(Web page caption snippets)
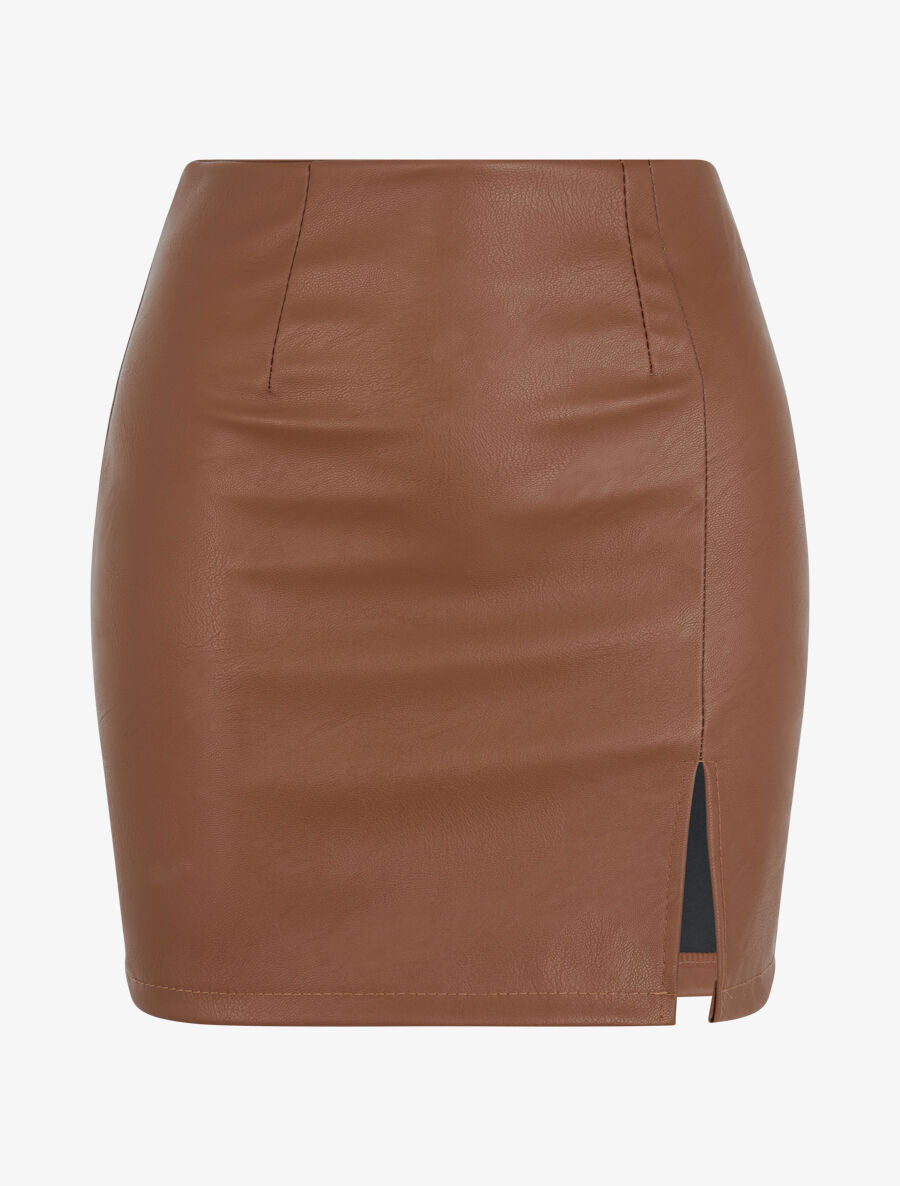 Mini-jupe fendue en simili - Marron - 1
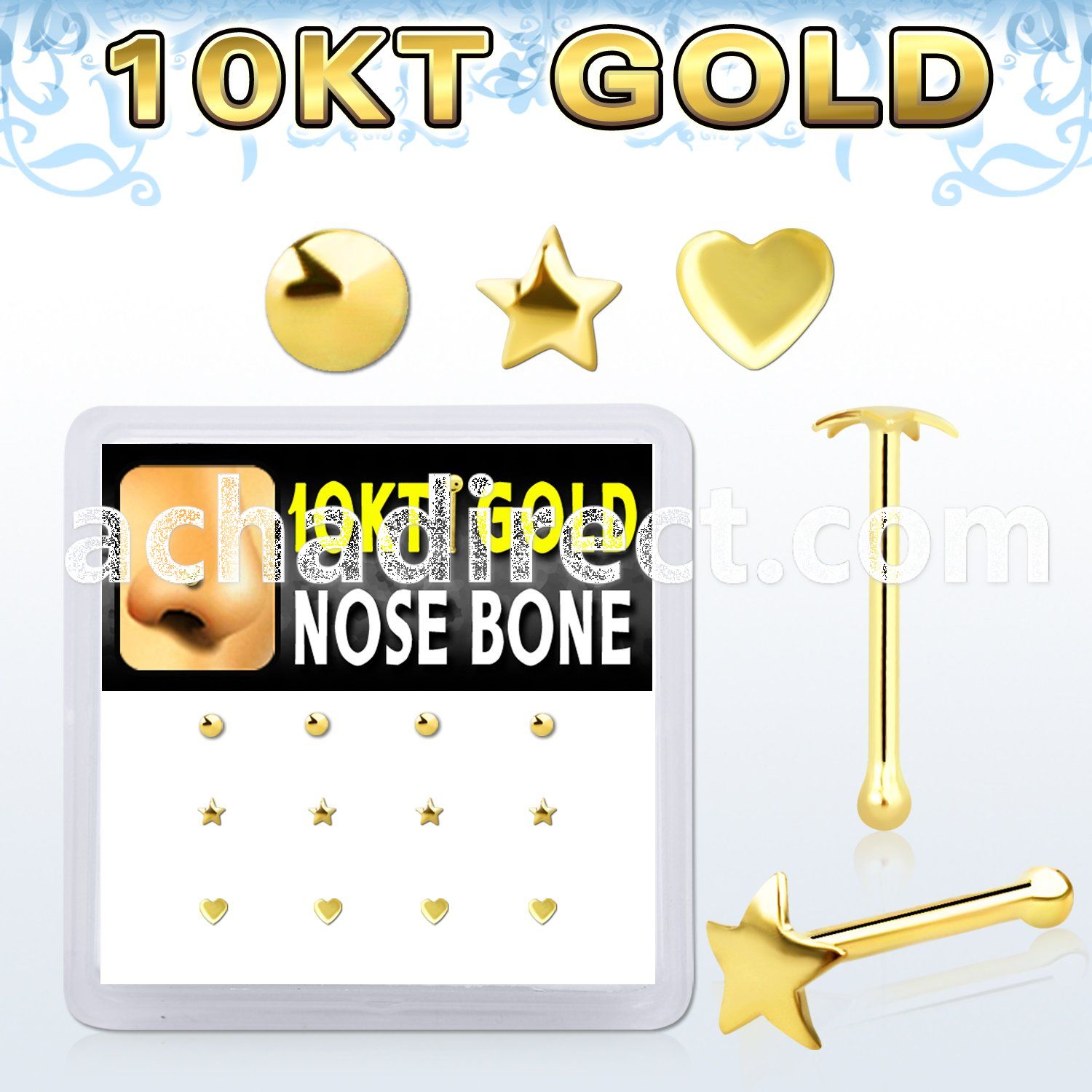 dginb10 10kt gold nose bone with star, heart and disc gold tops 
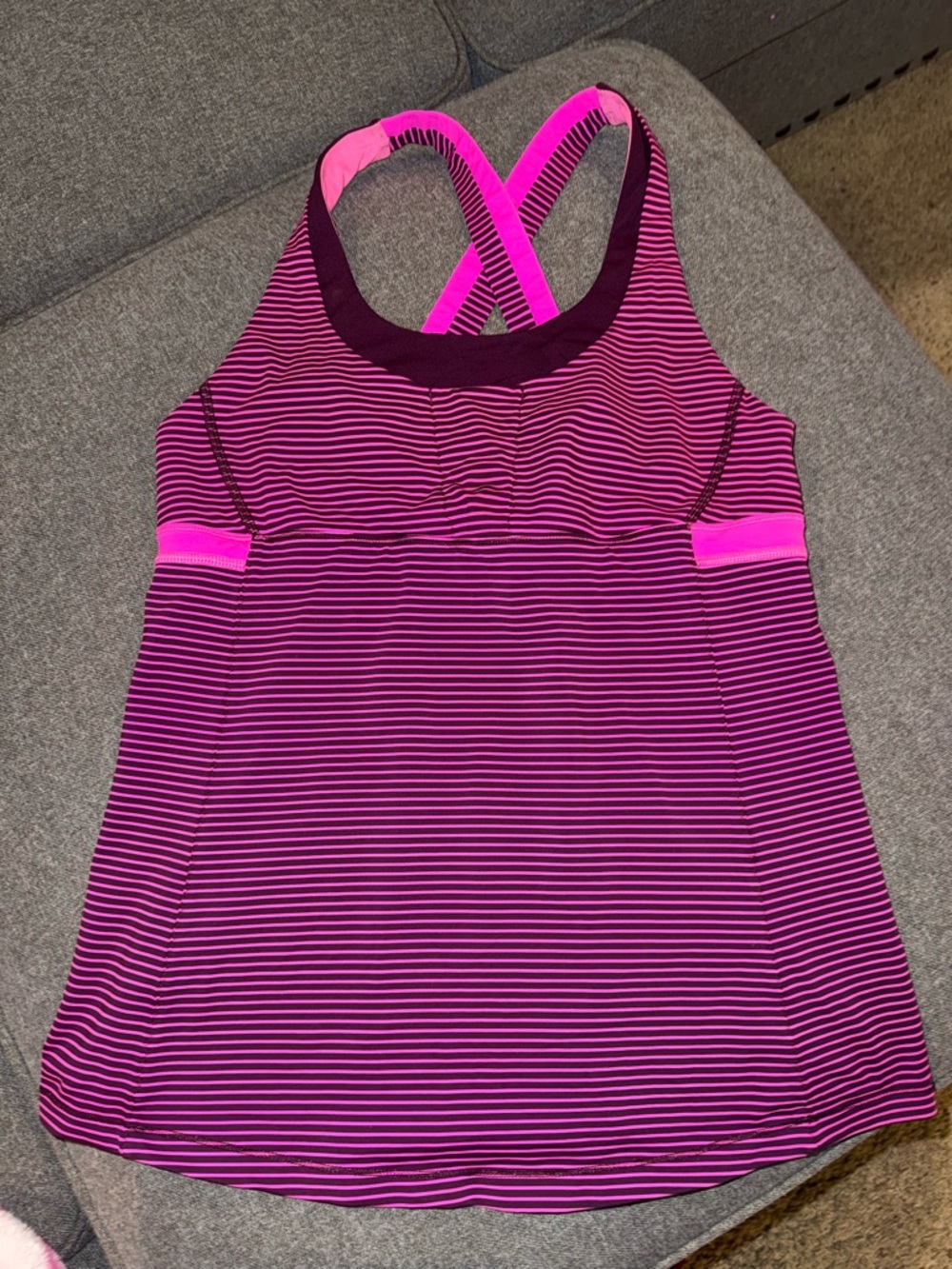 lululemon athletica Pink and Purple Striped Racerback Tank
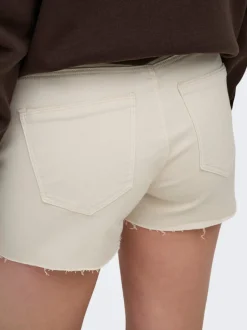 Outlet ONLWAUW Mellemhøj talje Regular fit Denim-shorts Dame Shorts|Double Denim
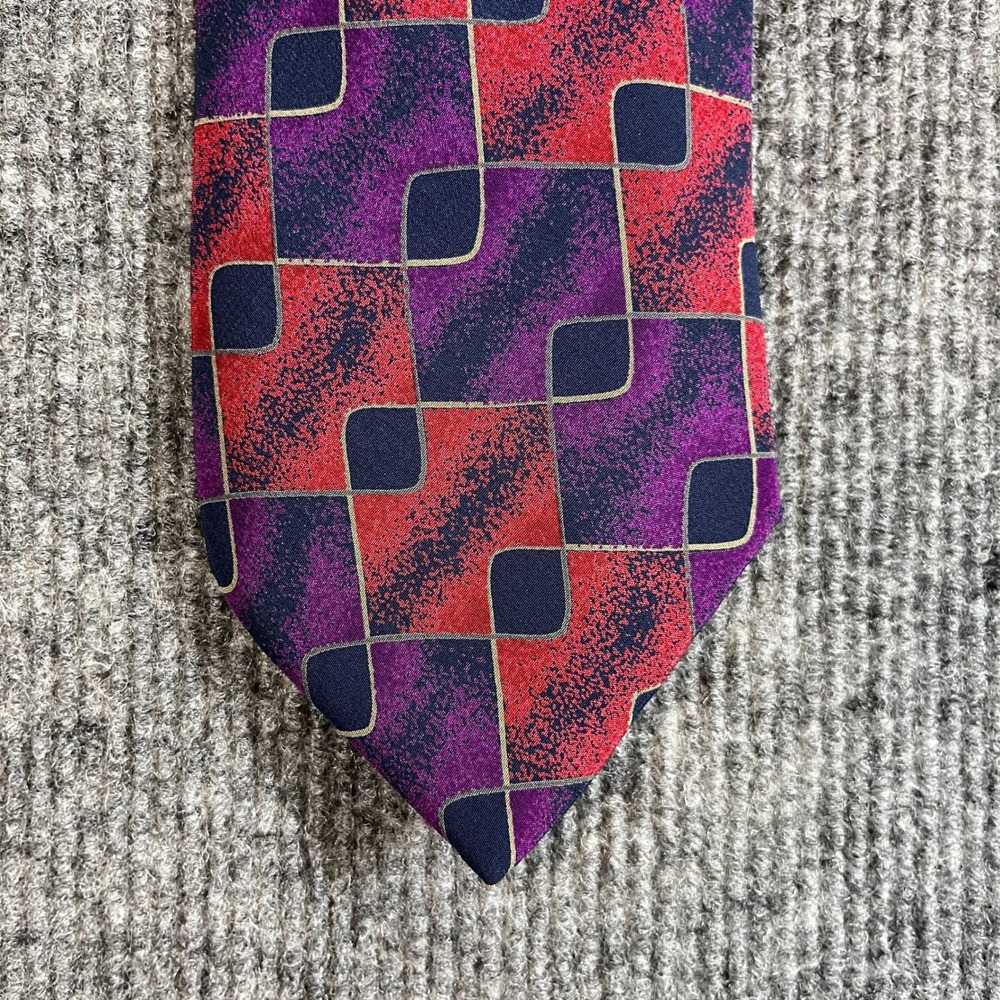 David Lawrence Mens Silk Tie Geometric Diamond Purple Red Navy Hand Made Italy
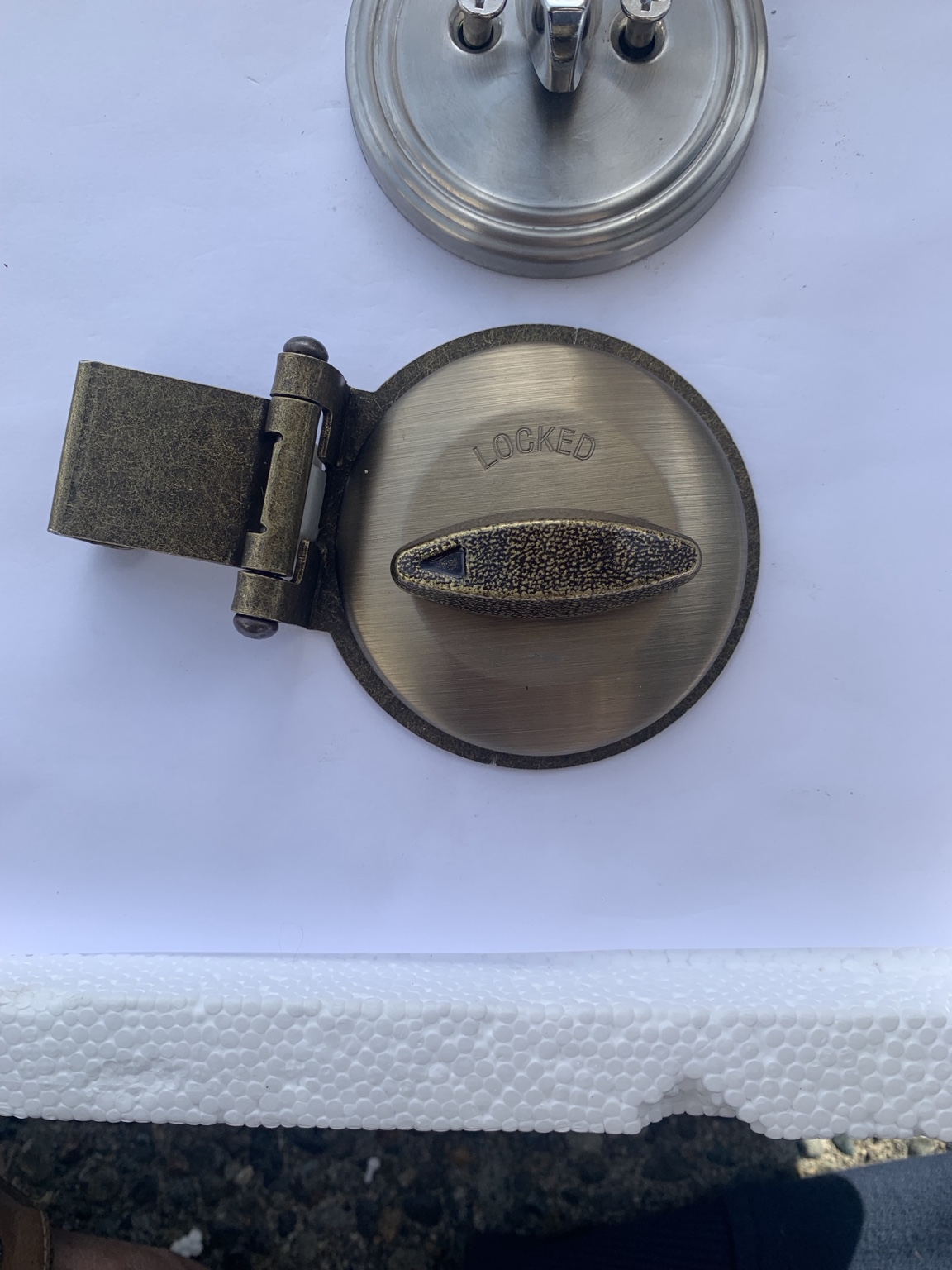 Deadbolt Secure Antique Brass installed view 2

Task requirements –
All lines from the one that contains "lululemon athletica Pink" through the last line of the data should be retyped exactly, with the pictures left out.

Output for this exercise –
 lululemon athletica Pink and Purple Striped Racerback Tank
 Outlet ONLWAUW Mellemhøj talje Regular fit Denim-shorts Dame Shorts|Double Denim
 David Lawrence Mens Silk Tie Geometric Diamond Purple Red Navy Hand Made Italy
 Deadbolt Secure Antique Brass installed view 2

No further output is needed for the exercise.